Cała historia ma swój początek wiosną 2005 r. Wtedy do klubu z Kałuży zgłosił się komornik, który chciał zająć kilkaset tysięcy złotych z poborów Pawła Drumlaka. Piłkarz był winny te pieniądze poprzedniemu menedżerowi. Żeby uniknąć egzekucji, zawodnik i klub dogadali się: jego zarobki na kilka miesięcy z 25 tys. zł zmalały na papierze do 1,2 tys. zł, a umowę podpisano z datą wsteczną. Za antydatowanie dokumentów zarzuty teraz dostali obecny prezes Cracovii Janusz Filipiak i Paweł Misior, czyli ówczesny prezes i wiceprezes klubu - według prokuratury wiedzieli o machinacjach i mieli sygnować związane z tym materiały. Rok później, gdy klub był już w konflikcie z piłkarzem (zarzucano mu m.in. symulowanie kontuzji), pojawił się drugi aneks: tym razem z 25 tys. zł zarobki Drumlaka spadły do 20 tys. zł. Tyle, że piłkarz nic o tym dokumencie nie wiedział, a jego podpis został podrobiony. Do dziś jednak nie wiadomo, kto sfałszował sygnaturę. Ale zdaniem prokuratury zamieszani są w to obecni wiceprezesi Rafał Wysocki i Jakub Tabisz - zarzucono im usiłowanie oszustwa przez sporządzenie aneksu do kontraktu z podrobionym podpisem piłkarza, posłużenie się nim w PZPN oraz zmuszanie zawodnika do przystania na proponowane przez klub warunki ugody.

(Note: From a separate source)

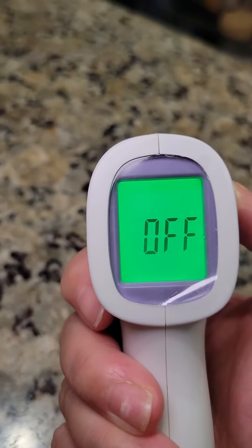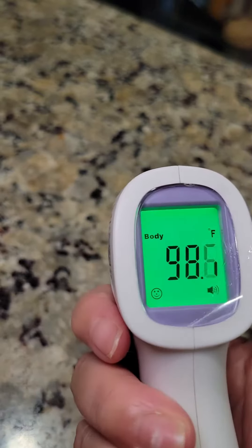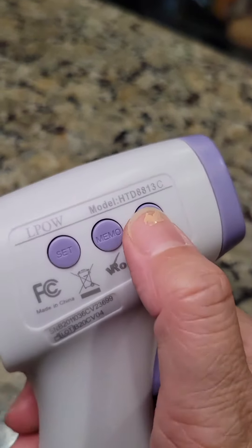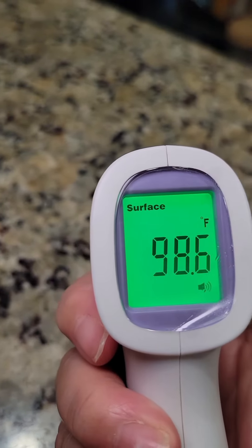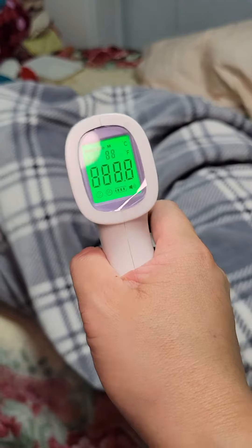To turn it on, press the trigger button. There are three buttons on the side: the set button to turn on and off, the memo button where you can store up to 50 memory recalls of temperatures, and lastly the mode button to switch between body temperature mode and surface temperature mode.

Cała czwórka została zatrzymana przez policję na polecenie prokuratury 12 kwietnia. Po przesłuchaniu wszystkich zwolniono.
- Nie boję się słowa przepraszam. Wielokrotnie deklarowałem, że jestem przeciwny stosowaniu niepotrzebnych, nadmiernych środków zapobiegawczych. Szanuję orzeczenie sądu i gdy tylko je otrzymam z pewnością wyrażę ubolewanie z tego powodu - mówił Zbigniew Ćwiąkalski w rozmowie z reporterem Radia TOK FM.